WHAT NEEDS TO BE DONE ▸
From the line with "美容冠全瓷經(jīng)驗(yàn)" to the line with "Ngeri, 30 Ribu", output every line below exactly, both ends included. Skip the pictures.

DATA SUPPLIED ▸
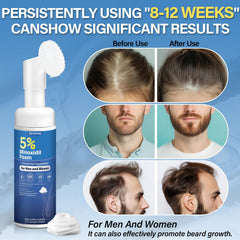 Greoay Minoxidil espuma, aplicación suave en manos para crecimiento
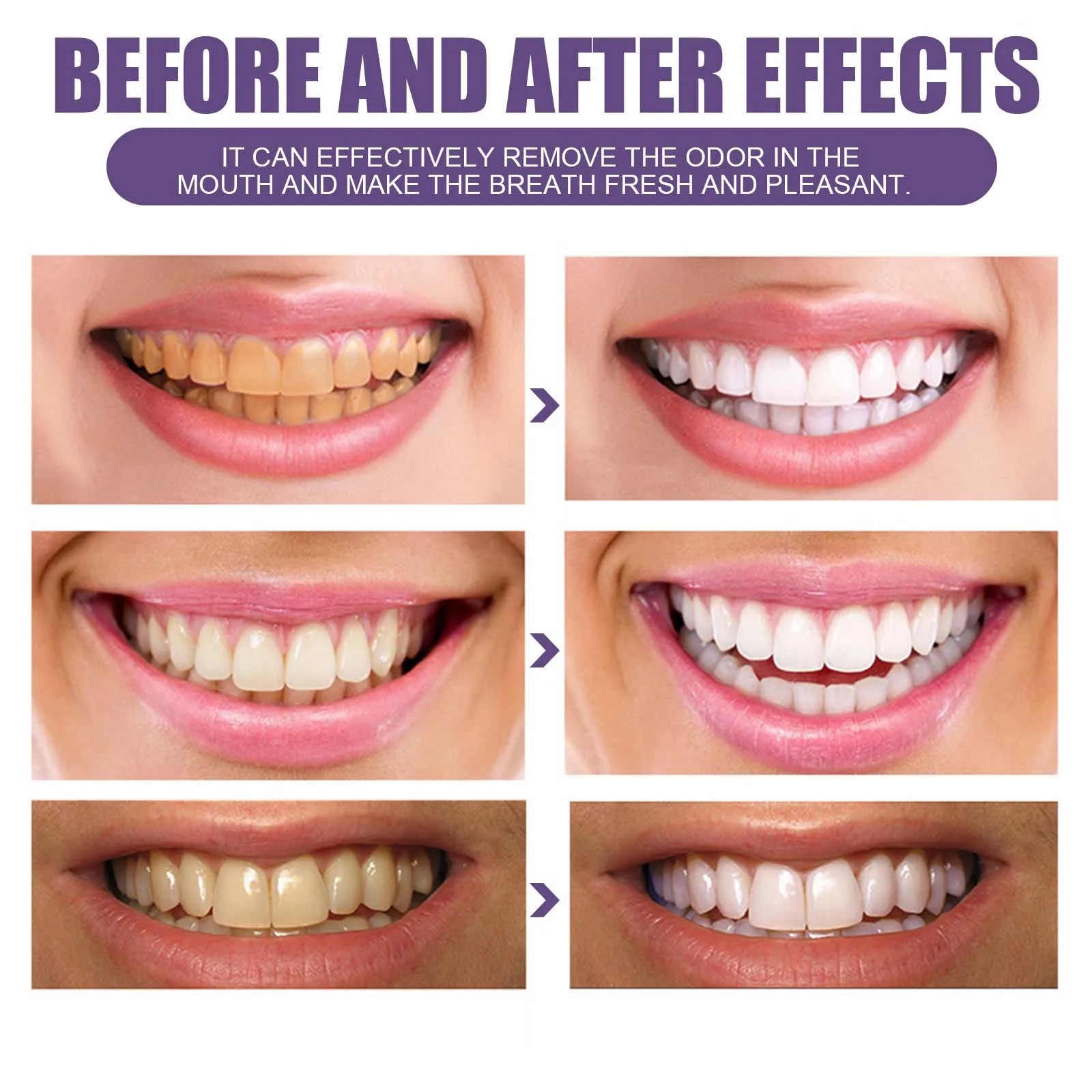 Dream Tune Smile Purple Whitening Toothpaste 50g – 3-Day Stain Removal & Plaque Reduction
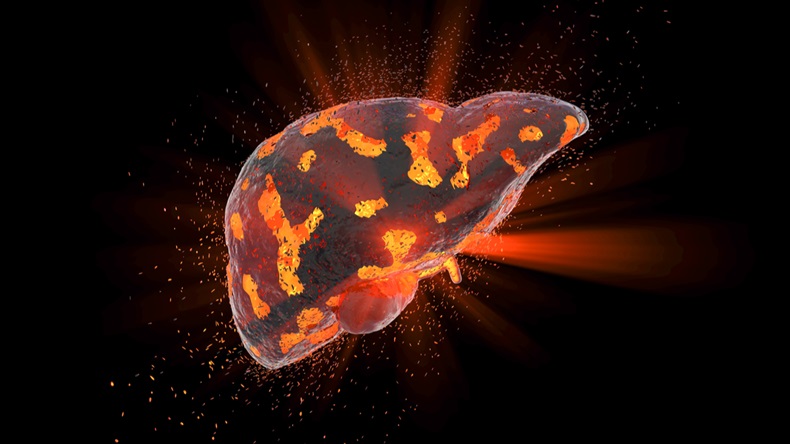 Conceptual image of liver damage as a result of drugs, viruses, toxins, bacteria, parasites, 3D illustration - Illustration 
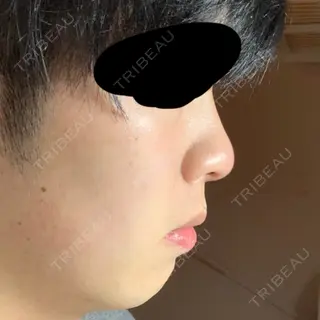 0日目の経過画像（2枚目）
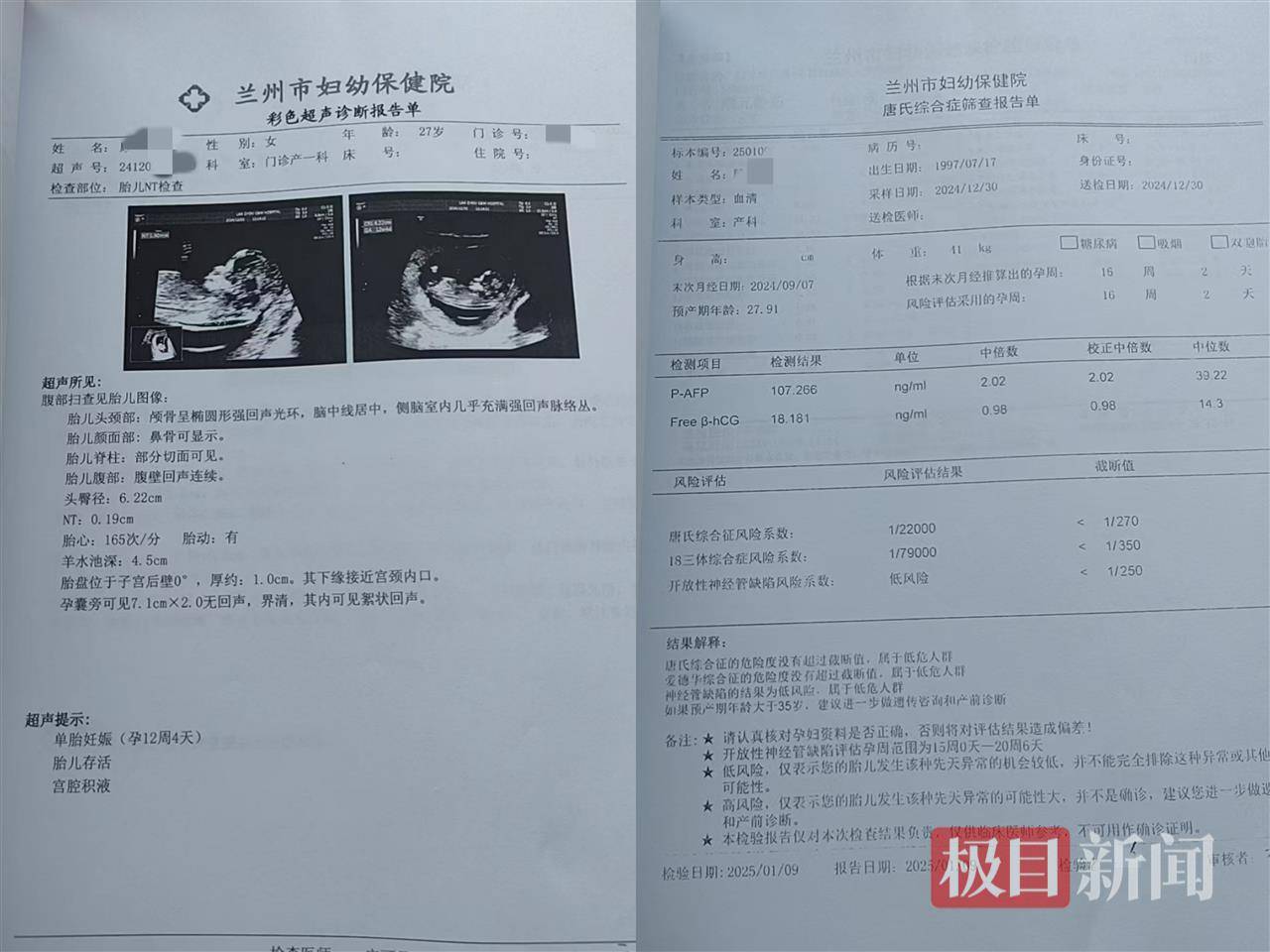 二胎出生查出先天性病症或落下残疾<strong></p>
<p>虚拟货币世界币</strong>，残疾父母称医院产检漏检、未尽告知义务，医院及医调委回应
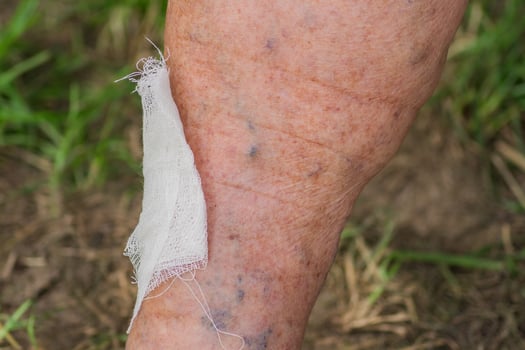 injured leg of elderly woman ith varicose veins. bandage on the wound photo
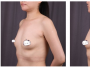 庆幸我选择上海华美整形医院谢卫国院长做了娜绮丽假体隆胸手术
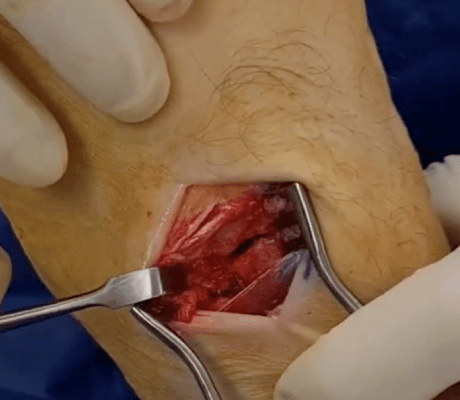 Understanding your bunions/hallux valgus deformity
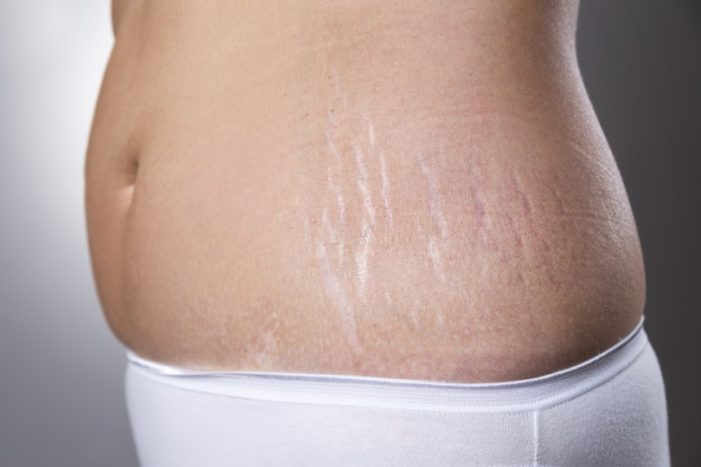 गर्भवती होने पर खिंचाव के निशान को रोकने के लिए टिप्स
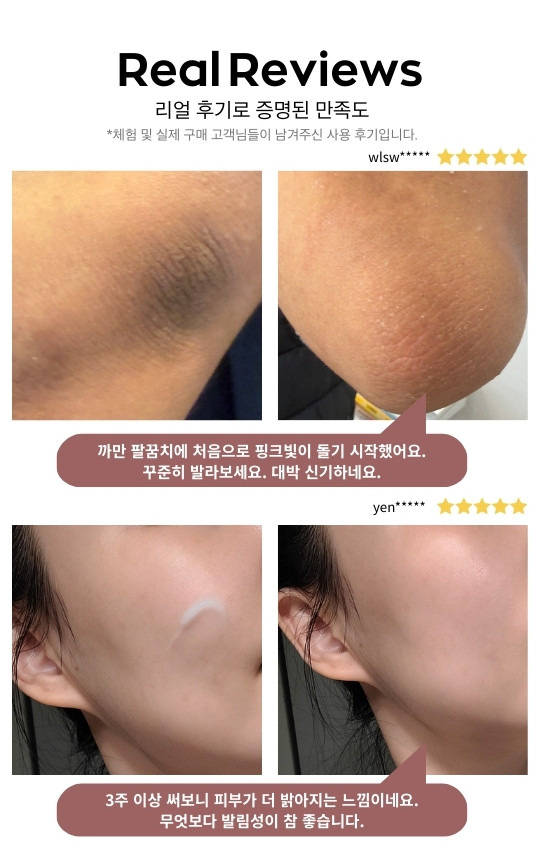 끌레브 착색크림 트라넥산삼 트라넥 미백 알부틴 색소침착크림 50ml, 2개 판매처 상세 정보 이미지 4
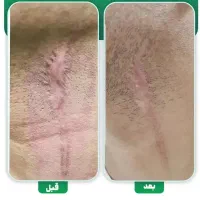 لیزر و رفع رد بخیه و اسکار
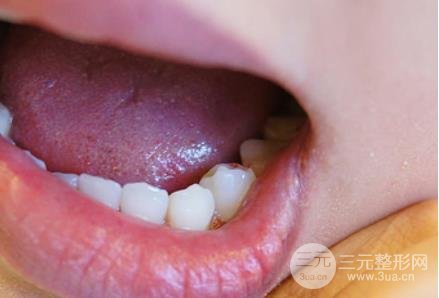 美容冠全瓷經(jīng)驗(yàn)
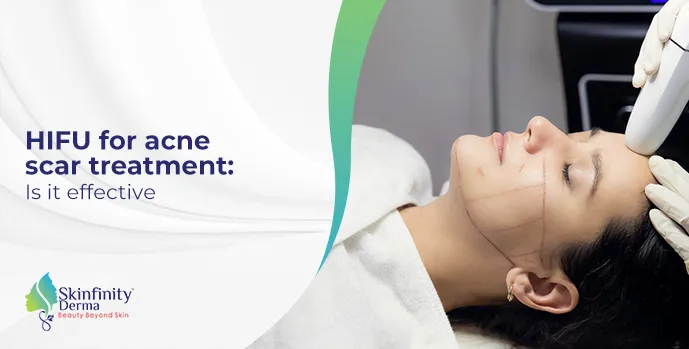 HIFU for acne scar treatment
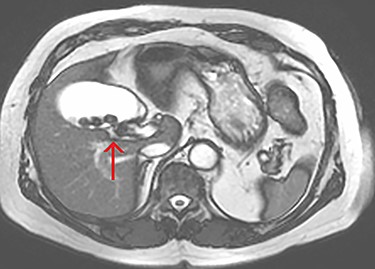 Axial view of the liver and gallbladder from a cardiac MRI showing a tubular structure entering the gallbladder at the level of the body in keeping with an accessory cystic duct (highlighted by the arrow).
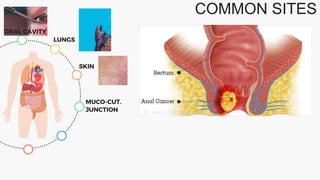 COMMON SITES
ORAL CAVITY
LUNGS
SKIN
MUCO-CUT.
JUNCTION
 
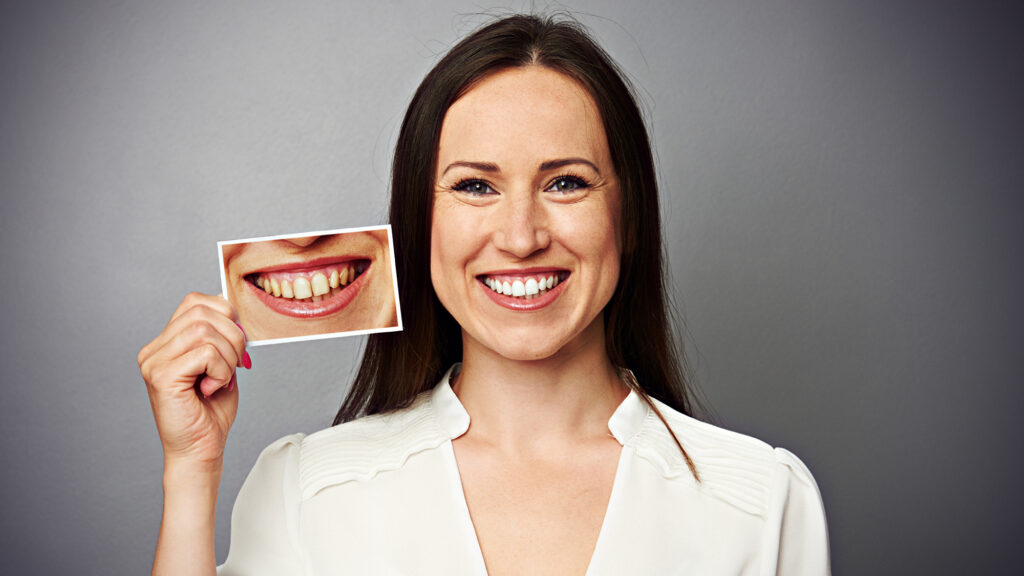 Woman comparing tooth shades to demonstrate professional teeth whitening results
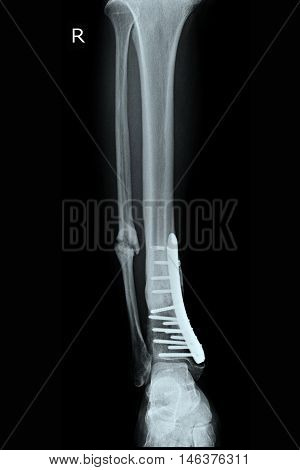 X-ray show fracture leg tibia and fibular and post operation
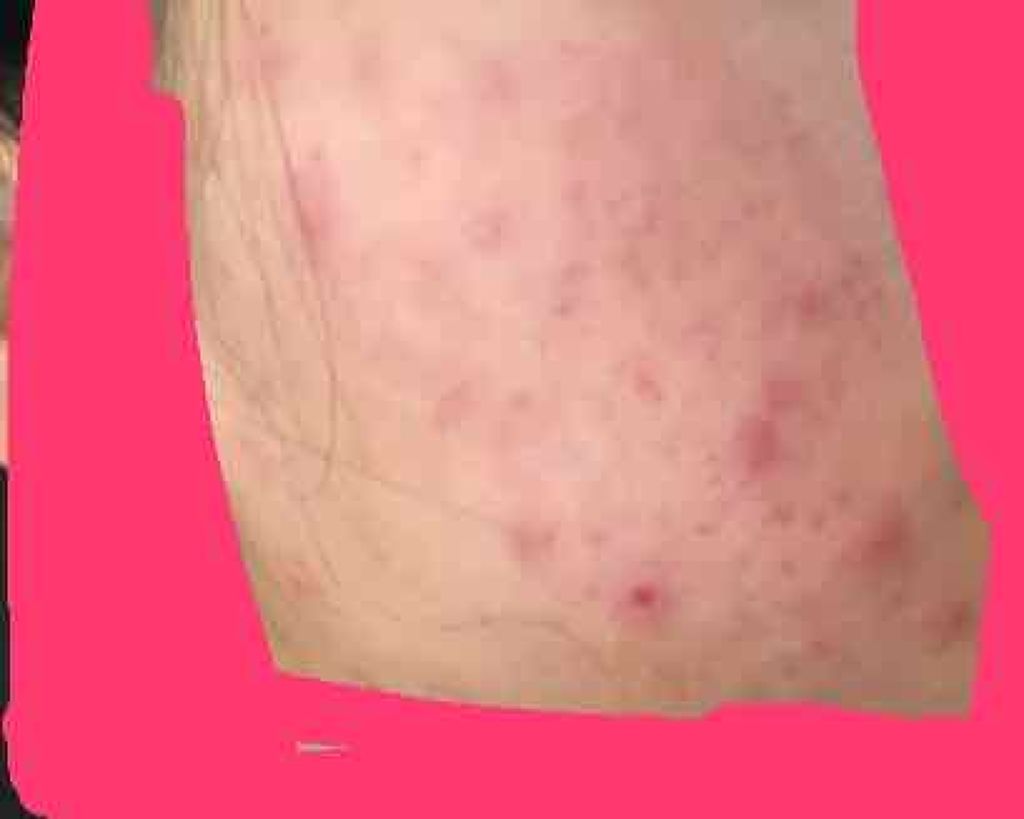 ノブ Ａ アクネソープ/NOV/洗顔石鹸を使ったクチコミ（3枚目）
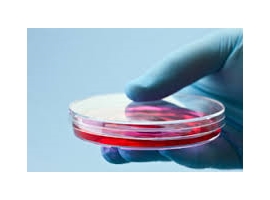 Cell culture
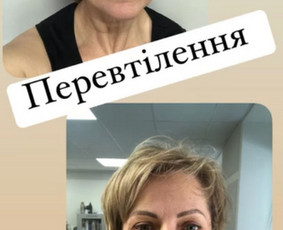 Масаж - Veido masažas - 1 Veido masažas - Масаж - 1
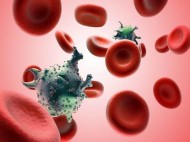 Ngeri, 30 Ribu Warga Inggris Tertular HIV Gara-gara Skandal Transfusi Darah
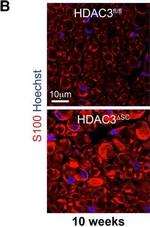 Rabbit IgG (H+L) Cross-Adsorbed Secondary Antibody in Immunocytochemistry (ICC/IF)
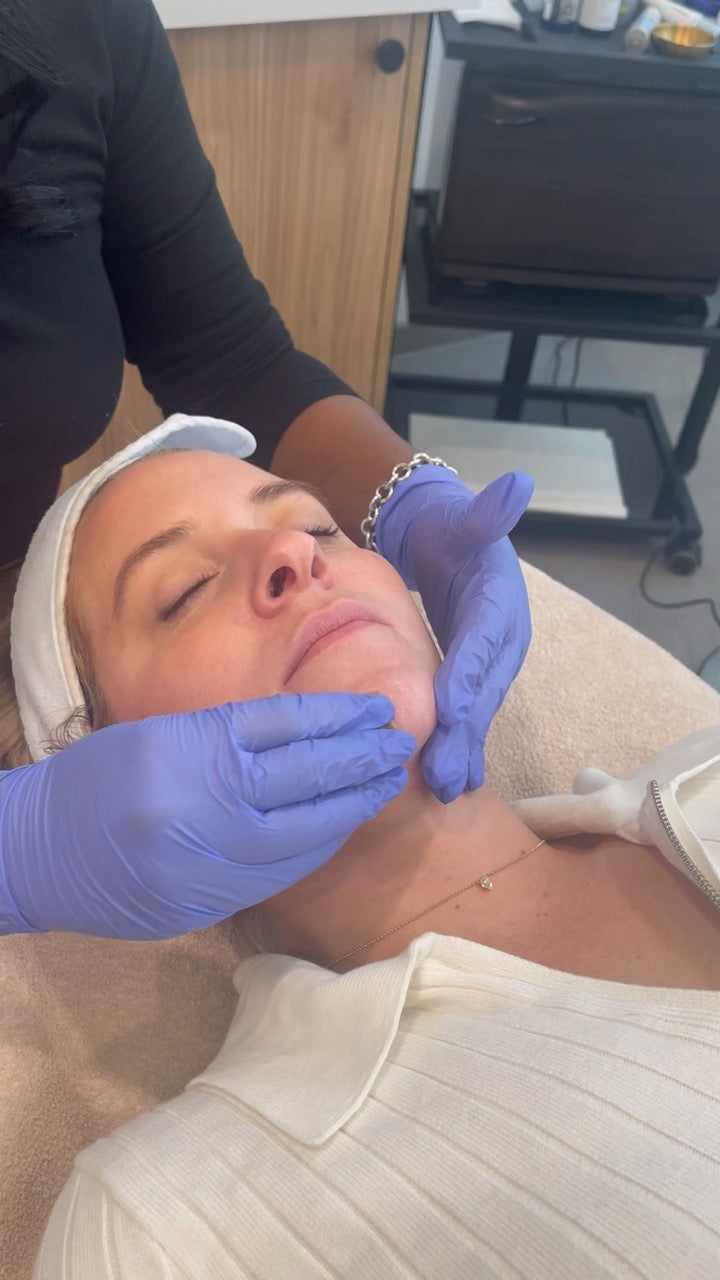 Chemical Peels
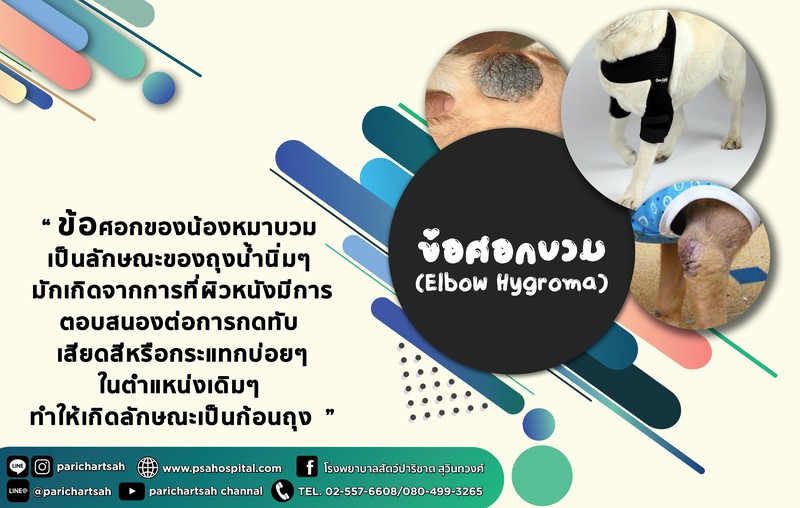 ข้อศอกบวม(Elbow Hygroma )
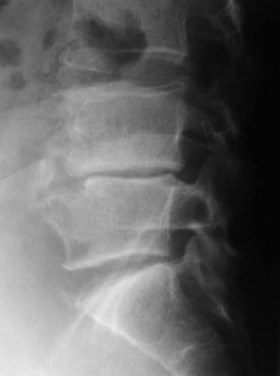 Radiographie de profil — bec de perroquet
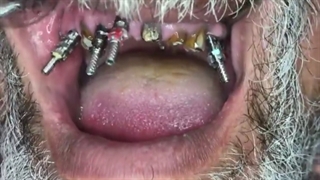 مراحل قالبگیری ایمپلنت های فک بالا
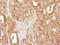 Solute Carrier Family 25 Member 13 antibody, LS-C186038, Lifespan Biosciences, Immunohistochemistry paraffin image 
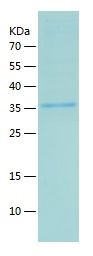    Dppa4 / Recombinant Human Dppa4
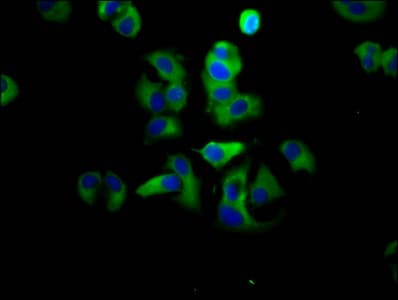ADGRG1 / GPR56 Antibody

RESPONSE TO THE TASK ▸
 美容冠全瓷經(jīng)驗(yàn)
 HIFU for acne scar treatment
 Axial view of the liver and gallbladder from a cardiac MRI showing a tubular structure entering the gallbladder at the level of the body in keeping with an accessory cystic duct (highlighted by the arrow).
 COMMON SITES
ORAL CAVITY
LUNGS
SKIN
MUCO-CUT.
JUNCTION
 
 Woman comparing tooth shades to demonstrate professional teeth whitening results
 X-ray show fracture leg tibia and fibular and post operation
 ノブ Ａ アクネソープ/NOV/洗顔石鹸を使ったクチコミ（3枚目）
 Cell culture
 Масаж - Veido masažas - 1 Veido masažas - Масаж - 1
 Ngeri, 30 Ribu Warga Inggris Tertular HIV Gara-gara Skandal Transfusi Darah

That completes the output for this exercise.